The latest climate assessment for Oregon says the state is getting warmer — a trend that carries multiple implications and poses long-term challenges for the state.

The Sixth Oregon Climate Assessment — a legislatively mandated biennial assessment of the state of Oregon-related climate change science and the likely effects of climate change on the state's natural and human systems — was released in January by the Oregon Climate Change Research Institute, housed at Oregon State University. More than 60 collaborators from around the state contributed to the report, including Portland State researchers Paul Loikith, Andrés Holz and Andrew Fountain. 

Temperatures are warming across all four seasons, said Loikith, an associate professor of geography and director of PSU's Climate Science Lab. Extreme heat is getting hotter and more frequent, and extreme cold is getting less frequent and less severe. Oregon saw more days per year topping 90 degrees and more nights per year warmer than 65 degrees between 2011 and 2020 than between 1951 and 2010, according to the report, the first since the June 2021 heat dome event.

"Warmer temperatures really drive so many of the impacts that we see," Loikith said. 

It's the warmer temperatures — not an increase in wind — that is drying out fuels faster and increasing the likelihood of more extreme fire weather. 

"The increasing temperatures are creating an atmosphere that can hold more moisture and by doing that it's pulling moisture from plants, from fuels and from soils," said Holz, an associate professor of geography and director of PSU's Global Environmental Change Lab. "The aridity of the atmosphere and fuels is chronically increasing, so it's drier and drier.
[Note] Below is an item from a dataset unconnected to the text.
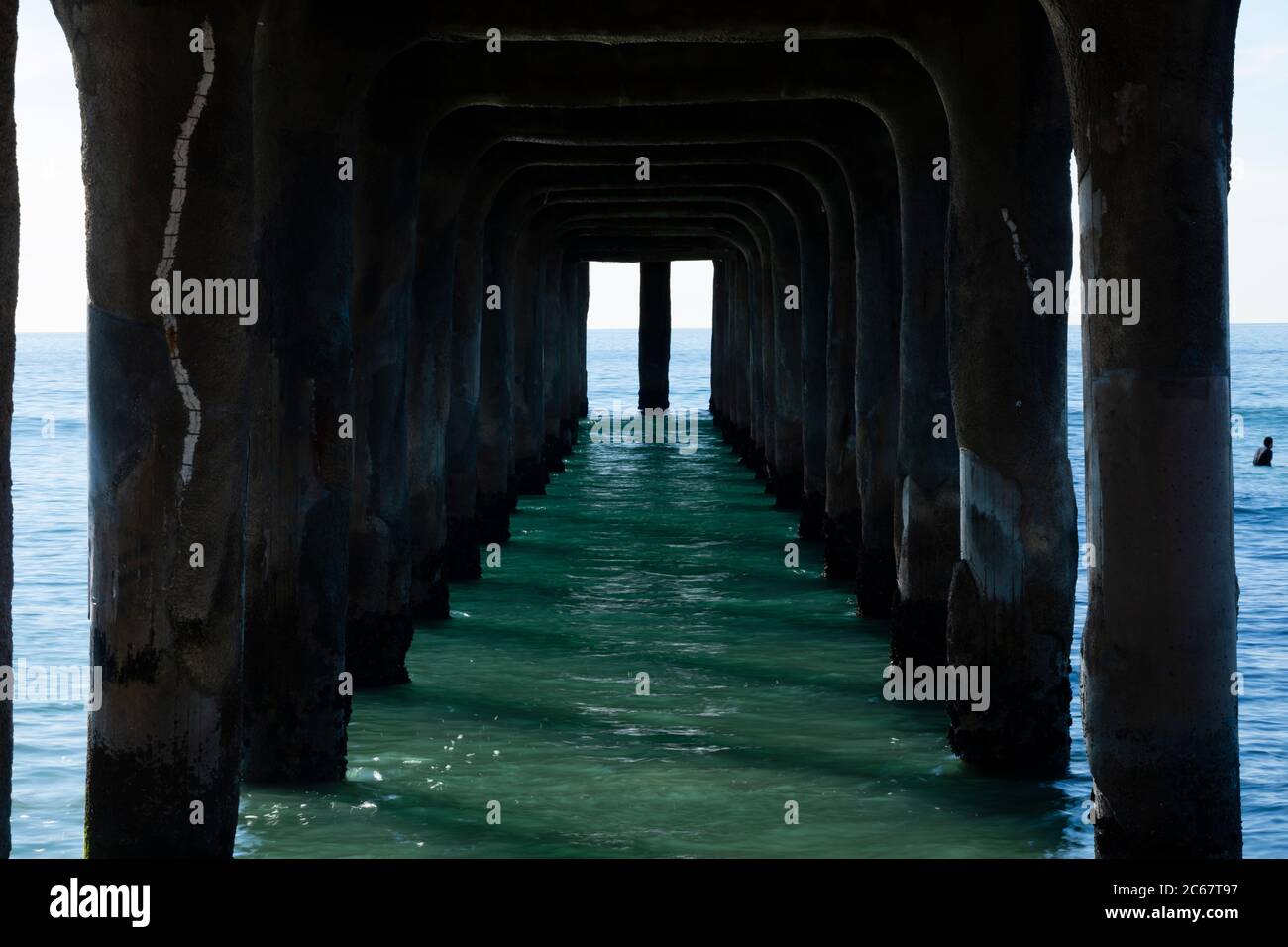 Molo di Manhattan Beach da sotto, California, Stati Uniti Foto Stock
That's the key driver of wildfires, especially where fuels are abundant, such as in our westside forests."

The average annual area burned in Oregon's forests is expected to increase by at least 50% and fire seasons are expected to become more extreme than any in recorded history, according to the studies reviewed by the report. The risk to human life and property is considerable, particularly in western Oregon where communities have little historical experience with major wildfires. Holz said the 2020 Labor Day fires were unique not because of their size or severity but because it was the first time so many people lived close to, and thus were affected by the burning forests.

Warming temperatures are also impacting glaciers and snowpack, a key source of water for the state that is vanishing. Fountain, professor emeritus of geology and geography, said total precipitation has more or less remained the same for the last century but more precipitation is falling as rain than snow.

"Less snowfall doesn't nourish the glaciers as much and with increasing temperatures in the summer, there's more ice melt," he said.

It's no surprise then that glacier retreat has accelerated, with 20 of Oregon's glaciers disappearing since the mid-late 1900s and no glaciers remaining in the Wallowa Mountains. Fountain said snowpack accumulation is the West's greatest reservoir, storing moisture that ideally melts slowly into reservoirs, supplying residents and farmers with water during the drier months. But now that the state is getting less snow and more rain, the snowpack is melting earlier in the spring, meaning less water is available when the state needs it most. 

The assessment indicates there are opportunities and support for policies to advance climate change mitigation and adaptation in Oregon, but Holz and Fountain warned that climate change doesn't stop at state or national borders; it's going to require quicker collection action.

"Oregon can do its part in terms of reducing greenhouse gasses but the atmosphere is relatively well-mixed," Fountain said. "We depend on what's going on in Washington and Idaho and Japan. … Things are happening, but will they be in time?"